--- DATA SHOWN ---
============

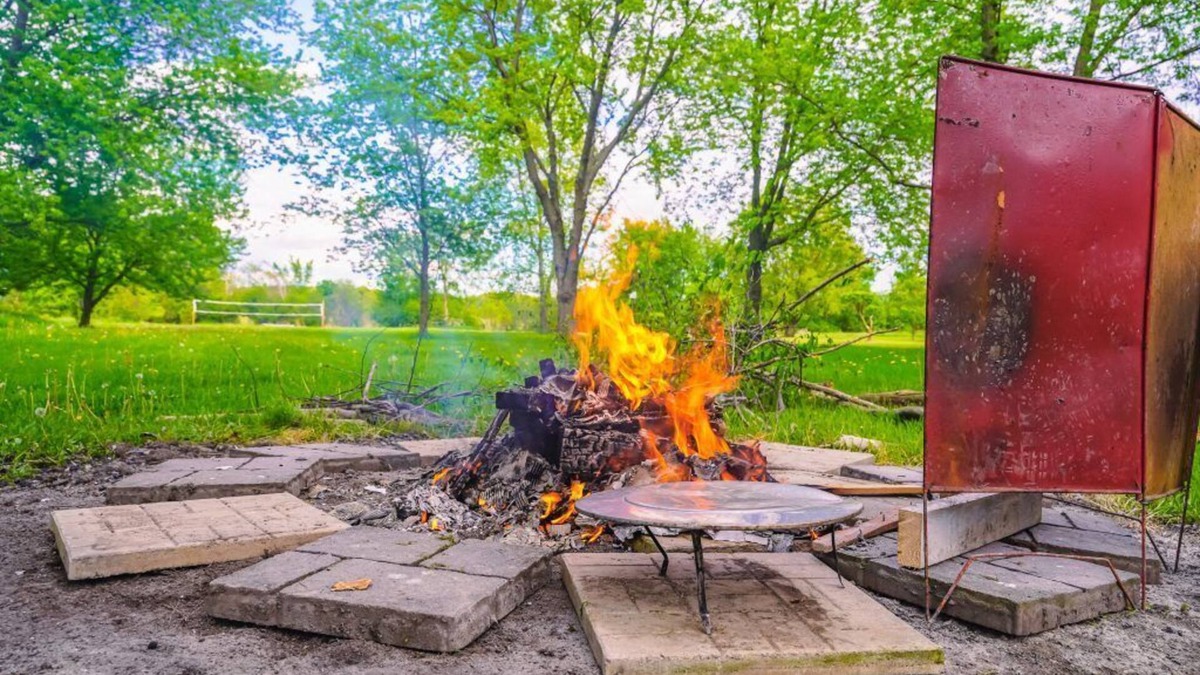 Niagara Falls Cottage | A Beautiful Home In Niagara Falls For Vacation Stay!nn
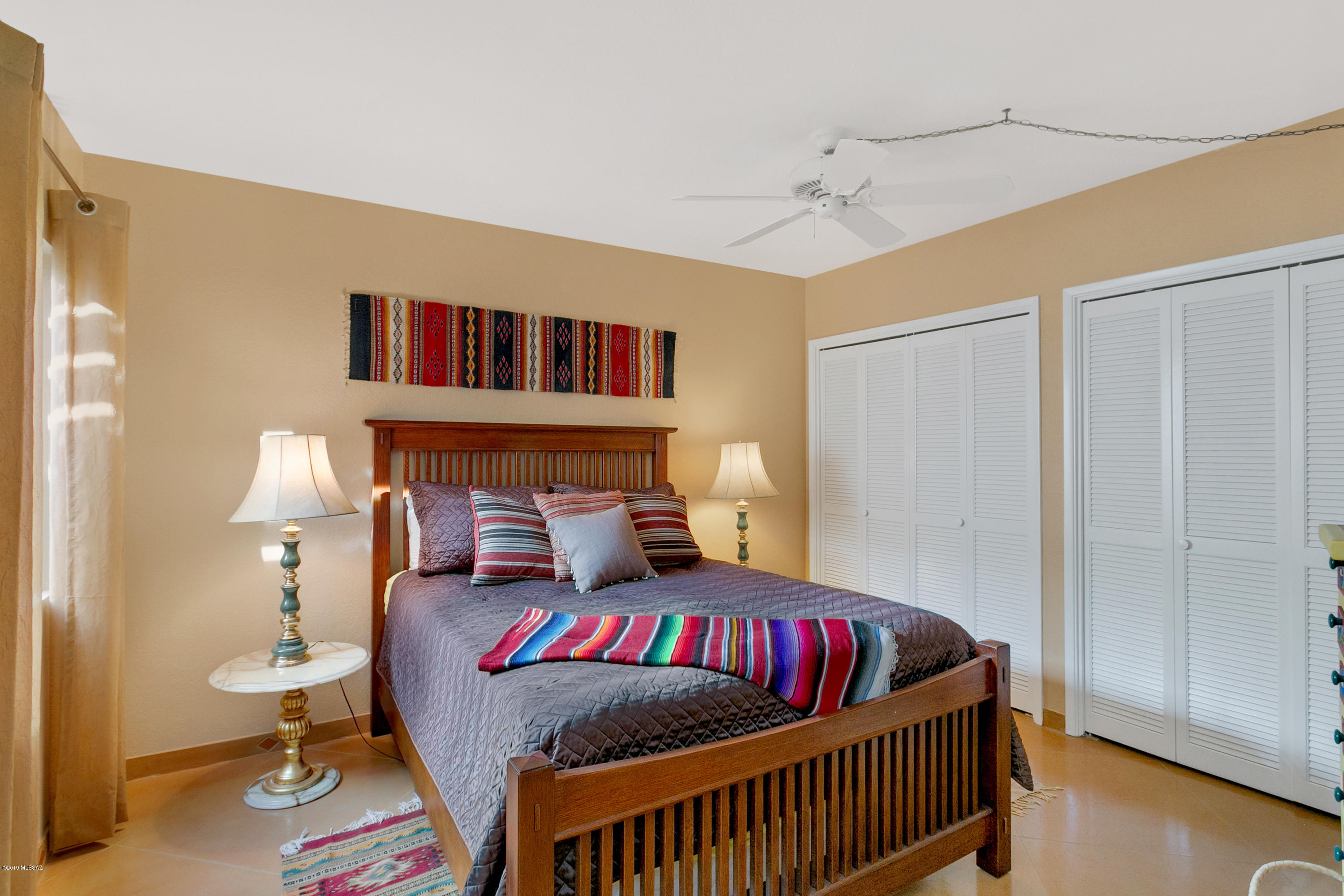 Westward Look Guest Ranch NO. 1(1-61) - Residential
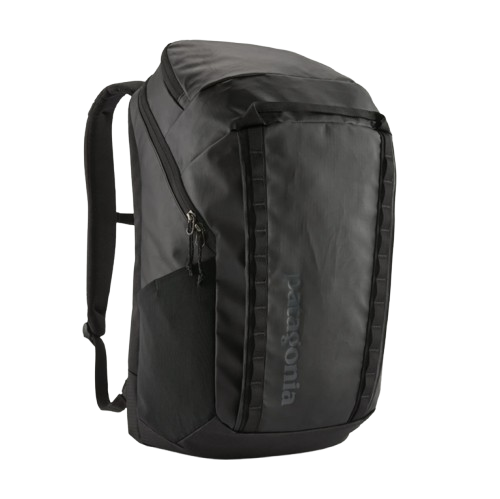 PATAGONIA MOCHILA BLACK HOLE PACK 32L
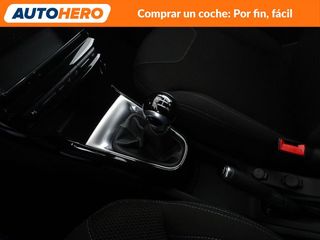 DS DS 3 1.2 PureTech Style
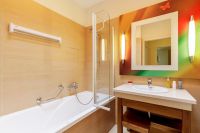 photo de l'annonce I-3553819 Appartement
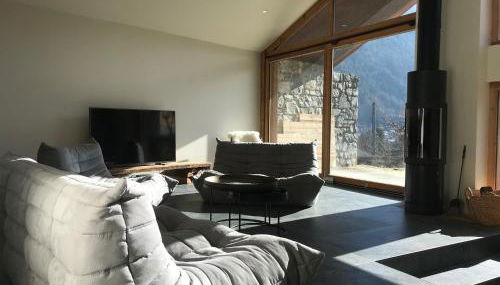 LE REFUGE DE LUCE - Photo 2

============

--- THE PROBLEM ---
Set down word for word every line from the one containing "Westward Look Guest" through the last line of the records above, both ends included. Leave out the pictures.

--- WRITTEN ANSWER ---
 Westward Look Guest Ranch NO. 1(1-61) - Residential
 PATAGONIA MOCHILA BLACK HOLE PACK 32L
 DS DS 3 1.2 PureTech Style
 photo de l'annonce I-3553819 Appartement
 LE REFUGE DE LUCE - Photo 2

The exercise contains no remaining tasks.